NHKスペシャル 全貌 二・二六事件 ~最高機密文書で迫る~を見た

 今日は、終戦の日だ、日本がポツダム宣言を受諾した事、すなわち敗戦となった事を天皇が国民に知らせた日だ。その日にちょうど合わせた番組として放送されていた。

 番組は、陸軍将校が起こした二・二六事件を、海軍側が極秘に記録していた最高機密文書が最近、発見され、それに基づいてこの事件を再現したもの。この資料は海軍の上層部だけが知っていたものであり、これまで全く知られていなかった第一級の資料だという。

 海軍は陸軍と距離を置いて、秘密裏に陸軍側の情報を収集していて、この事件の全貌がはっきりと分かるものだった。今まで二・二六事件の関係のテレビ番組やドラマ、映画なども色々と作られているのだと思うが、これほど客観的に詳しく全体像が分かる物は無いであろう。従って内戦が起こりそうな危機的な状況が、非常に臨場感があり、タイムマシンで過去に戻って見ているような感じの迫力があった。

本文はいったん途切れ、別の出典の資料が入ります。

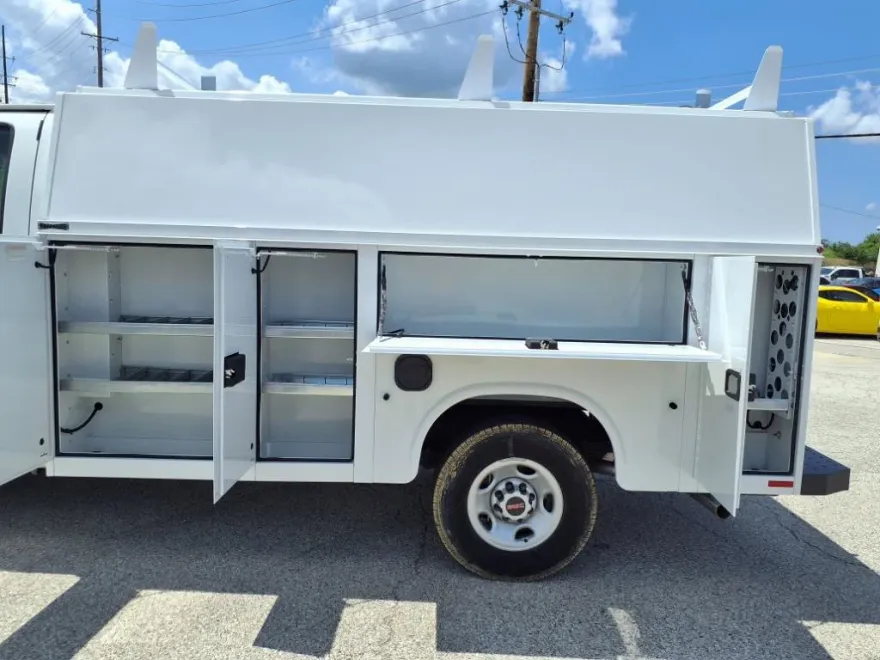 2025 Gmc Savana 3500 Cutaway photo 1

 海軍は、この事件が起こる1週間も前に、憲兵隊からの通報で、事件を起こす首謀者や殺される政治家などもちゃんと分かっていた事がこの資料から伺えた。つまり分かっていながら何も対策も取らず、黙認していたという事になる。
 また、陸軍上層部のいいかげんな対応から青年将校を利用したといってもいいような状況もはっきり分かる。

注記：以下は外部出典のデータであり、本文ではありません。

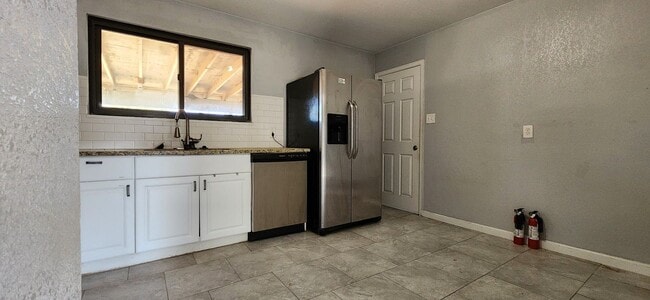 Building Photo - Long Realty & Property Management - Dual K...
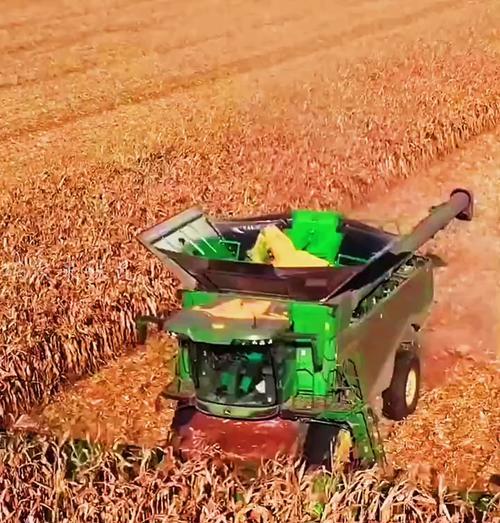CF904J玉米收获机的收获能力是多少吨？操作效率如何？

 番組では、この二・二六事件を境に、陸軍には何も言えないという空気が、政治家や財界人、人々に広がったり、事件の収拾に動いた天皇の力が結果として強まって、それを利用して軍部が暴走し戦争を起こし、事件から9年後には壊滅的な敗戦の日本となってしまった事を述べ、この事件が戦争へと進む大きなターニングポイントとなっている事を示した。
 また、このような秘密の文章が国民の知らない所で作られていたような状況が日本を誤らせたのだが、現在の日本でもそういった事が行われているのではないか、と国民に問いかける様な最後の部分であった。(どういう風に言ったかちょっと正確には思い出せないが)

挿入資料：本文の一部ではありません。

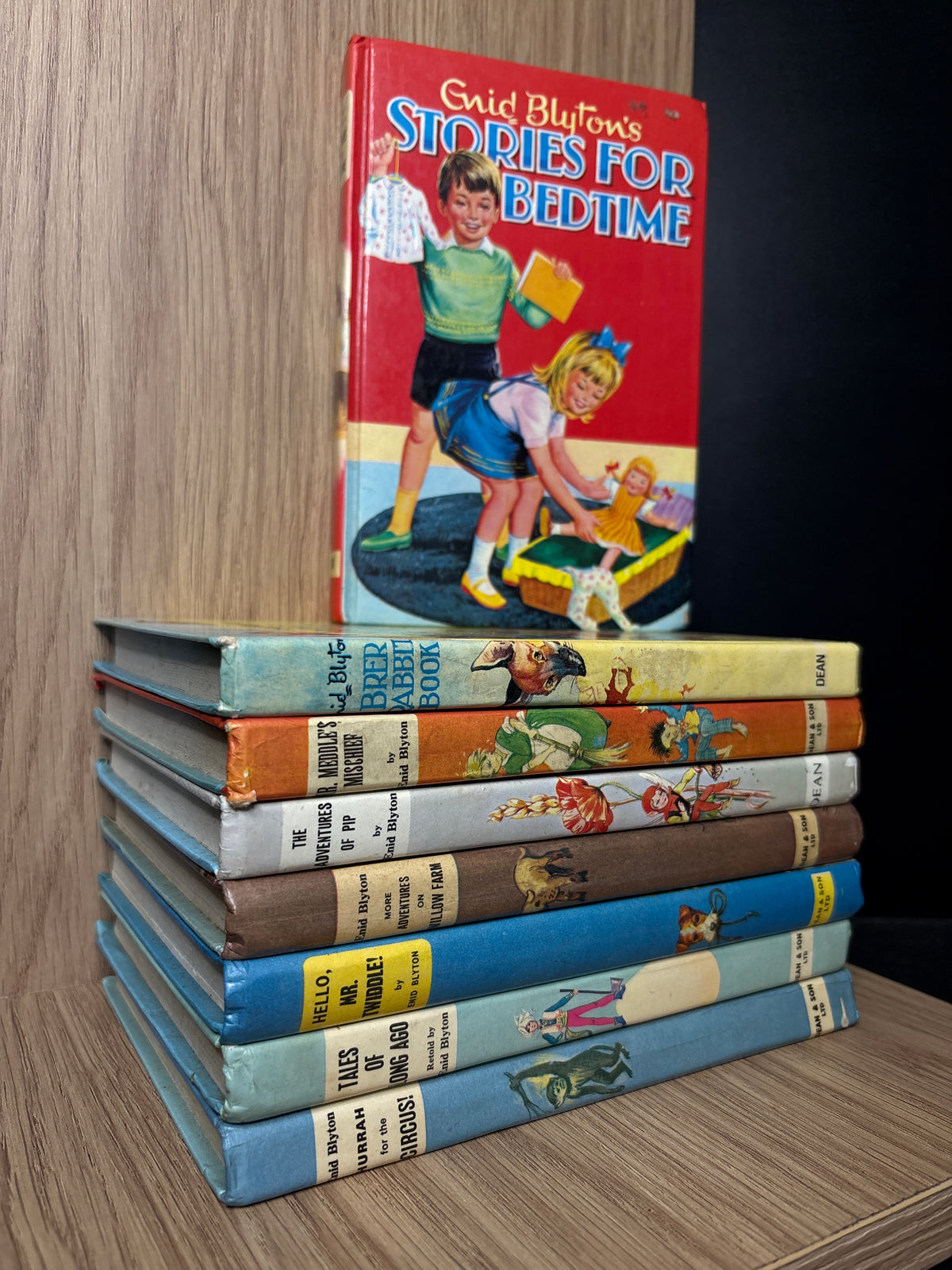 BLYTON, Enid Assorted Standalone Titles Bundle of 8 (Min. fair condition)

 NHKのこの番組を作った人達も、現在の日本で公文書などが国民の目の届かないところで、改ざんされたり、黒く塗られてしまうような状況。またさらに恐ろしく感じる事は、文民統制など出来る能力の無い防衛大臣が生まれていた現在の状況。アメリカとの密約なども一部の政治家などしか知らずに国民の目から隠されている様な現在の状況に、当時の日本と変わらない物を見て、大きな危機感をいだいているのではないか、と番組最後の言葉に共感を持った。

 この番組の再放送は、8月18日(日)午前0時35分~1時47分(17日深夜)
 先日のNHKスペシャル、かくて“自由”は死せり ~ある新聞と戦争への道~は、13日深夜にやったようだが、これも深夜の再放送だ。
 こんな時間に再放送をやっても、家のテレビのように録画機能が無かったり、録画装置が無い人はおそらく見る事が出来ない事だろう。それほどテレビをいつも本気で見ていない人で、前回を見ない人が、あらためて目に触れる事も無いだろう。せめてこういった国民が知らねばならない重要な番組は11時頃からやればいいのにと思う。
 それこそ「公共放送」の使命ではないのか。